Sarah and I are excited to announce that we have started The VEO-IBD Foundation, the first and only organization dedicated to parents and caregivers of children with Very Early Onset Inflammatory Bowel Disease. This episode tells the story of our struggle with VEO-IBD and the creation of our foundation.
VEO-IBD is an autoimmune disease that presents in children younger than six. As a bit of a shorthand, I often tell people that VEO-IBD is a toddler’s version of Crohn’s Disease, only it’s more aggressive and more difficult to treat.
This disease took over our lives. Our youngest son, Jonathan, developed his first symptom when he was just three months old: as a parent, you think you know what to expect when you open a newborn’s diaper. Instead, we saw blood.
Jonathan was diagnosed at seven months old, and we fought for almost three years to get him to remission. During that time, Jonathan was in and out of doctor’s offices, specialists, urgent cares, emergency rooms, and hospital beds once or twice a week, every week, for years.
The disease is terrifying and exceedingly rare. Once we received a diagnosis, we found that there were only two hospitals in the United States researching this disease. Partnering with one, we tried a medication that cost $1,600 per dose, and it required a full day in the hospital every month to administer. This drug failed. We tried again with another monthly drug that cost $6,400 per dose. We lost what little control we had, and we landed in the hospital for 40 days while Jonathan’s body rejected his own colon. At the end of our hospital stay, Sarah and I discussed with his extended medical team the possibility of removing his colon. His entire large intestine. Jonathan was two.
We tried one final drug, a drug with a list price of $25,000 per dose, that he would need at double the rate of the adults for which it was developed. It worked. Every month, we give our son a shot that costs as much as a car. And now, Jonathan is now a happy, growing, slightly short but otherwise healthy kindergartener.
Jonathan thankfully does not remember this awful chapter of his childhood. But we do. We remember how scared we were. We remember how lonely we were. We remember the misery of not having any idea what to do for our son. As helpful as the doctors were in driving Jonathan’s disease to remission, there was no advice for parents on how to help support a child with VEO-IBD.
Sarah and I created The VEO-IBD Foundation to help parents and caregivers through this awful chapter of their kid’s childhood. We will help people understand the disease, understand the goals for treatment, and understand remission. We will share tools that we have developed, such as how to build a care team, how to manage medication, how to get information from your medical professionals while holding a miserable toddler, how to properly apply diaper cream, and how to prepare for your 1-year-old’s first colonoscopy. We will let parents and caregivers know that they are not alone.

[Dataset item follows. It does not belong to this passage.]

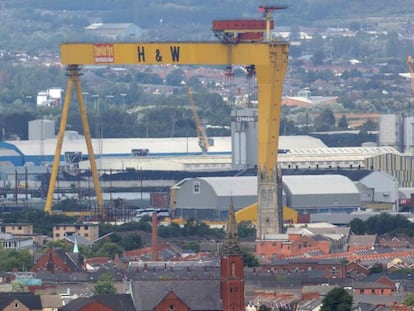 Una de las grúas de Harland and Wolff, conocidas popularmente como Sansón y Goliat, son un símbolo de la ciudad de Belfast. Foto de archivo.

Our first goals include raising awareness of the disease. This episode is part of that effort. Sarah and I have also released our first publication in the Journal of Pediatric Research. Shortly after releasing this episode, I had the opportunity to talk about caregiving and VEO-IBD at the United Nations, marking the first time VEO-IBD had been mentioned at the UN. Subsequently, I gave an interview to People Magazine, marking the first time VEO-IBD was mentioned in a mainstream publication.
The result has been staggering. Parents and caregivers of children with VEO-IBD have told us that they are overjoyed that someone is speaking about their disease, and we are eager to build the tools that they need. But other parents have found us through our op-ed or through People Magazine because their young child has recently been diagnosed with a rare inflammatory bowel disease, and they feel terrified and alone. Our job is to help, and they are no longer alone.